### About this task
Wherever pictures appear in the listing below, leave them out, and copy exactly, and only, everything from the line with "1463 Lavender Loop" down to the line with "Piazza dei Frutti Flat view 5".

### Material to process

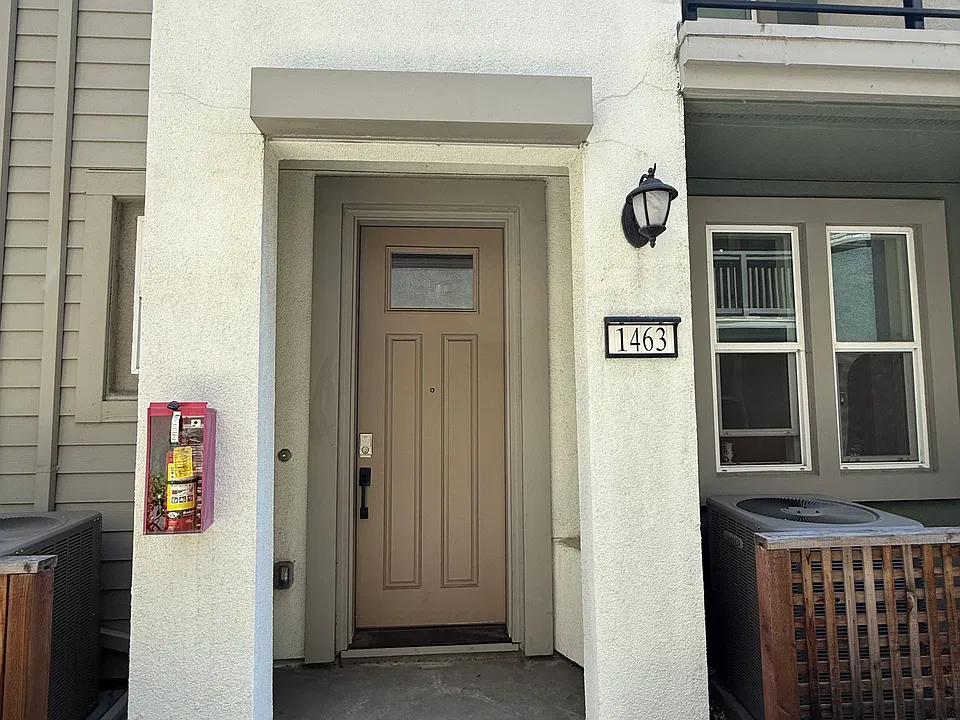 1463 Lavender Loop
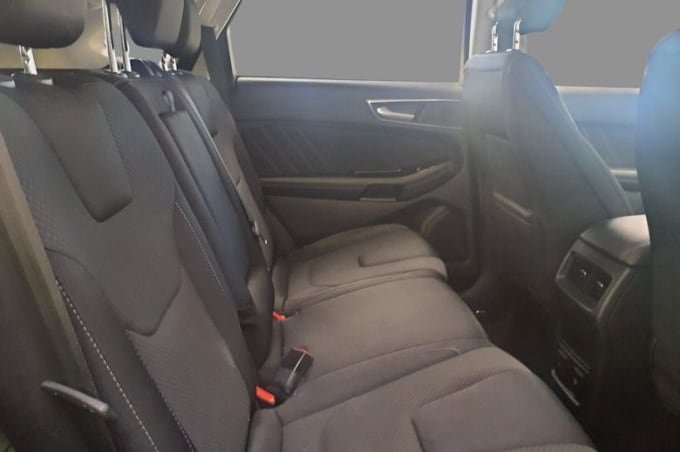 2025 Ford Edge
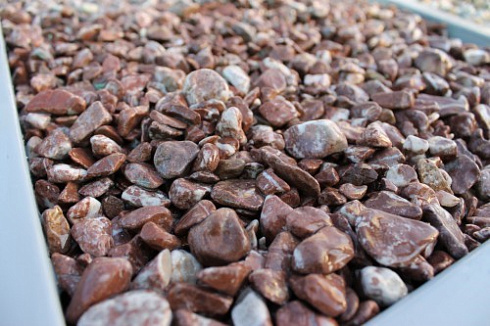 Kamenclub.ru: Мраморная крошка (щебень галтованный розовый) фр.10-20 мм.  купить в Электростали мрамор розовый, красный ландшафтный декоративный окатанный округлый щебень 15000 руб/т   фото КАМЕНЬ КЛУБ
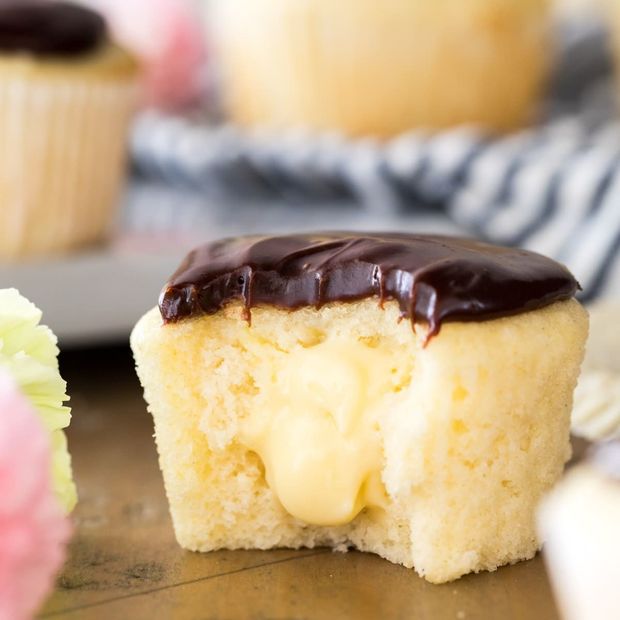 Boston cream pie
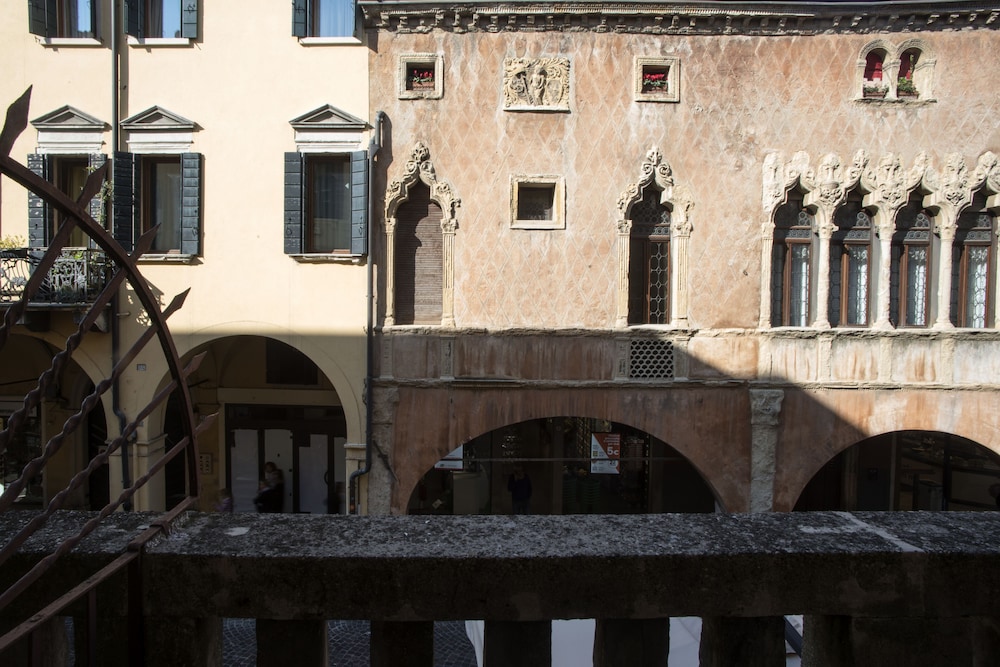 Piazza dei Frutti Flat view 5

==

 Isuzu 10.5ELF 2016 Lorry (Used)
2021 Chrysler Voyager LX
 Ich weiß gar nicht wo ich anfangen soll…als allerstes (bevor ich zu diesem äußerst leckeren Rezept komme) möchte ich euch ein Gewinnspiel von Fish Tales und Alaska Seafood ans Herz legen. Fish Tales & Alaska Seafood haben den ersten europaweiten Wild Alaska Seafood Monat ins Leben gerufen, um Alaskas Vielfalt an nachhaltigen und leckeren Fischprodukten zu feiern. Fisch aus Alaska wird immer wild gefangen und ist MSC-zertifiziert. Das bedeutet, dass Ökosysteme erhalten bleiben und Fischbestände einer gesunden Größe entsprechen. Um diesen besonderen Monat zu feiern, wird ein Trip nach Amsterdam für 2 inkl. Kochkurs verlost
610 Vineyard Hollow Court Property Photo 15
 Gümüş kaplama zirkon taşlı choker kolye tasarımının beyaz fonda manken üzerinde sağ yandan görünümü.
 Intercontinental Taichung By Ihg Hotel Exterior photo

### Response for this exercise
 1463 Lavender Loop
 2025 Ford Edge
 Kamenclub.ru: Мраморная крошка (щебень галтованный розовый) фр.10-20 мм.  купить в Электростали мрамор розовый, красный ландшафтный декоративный окатанный округлый щебень 15000 руб/т   фото КАМЕНЬ КЛУБ
 Boston cream pie
 Piazza dei Frutti Flat view 5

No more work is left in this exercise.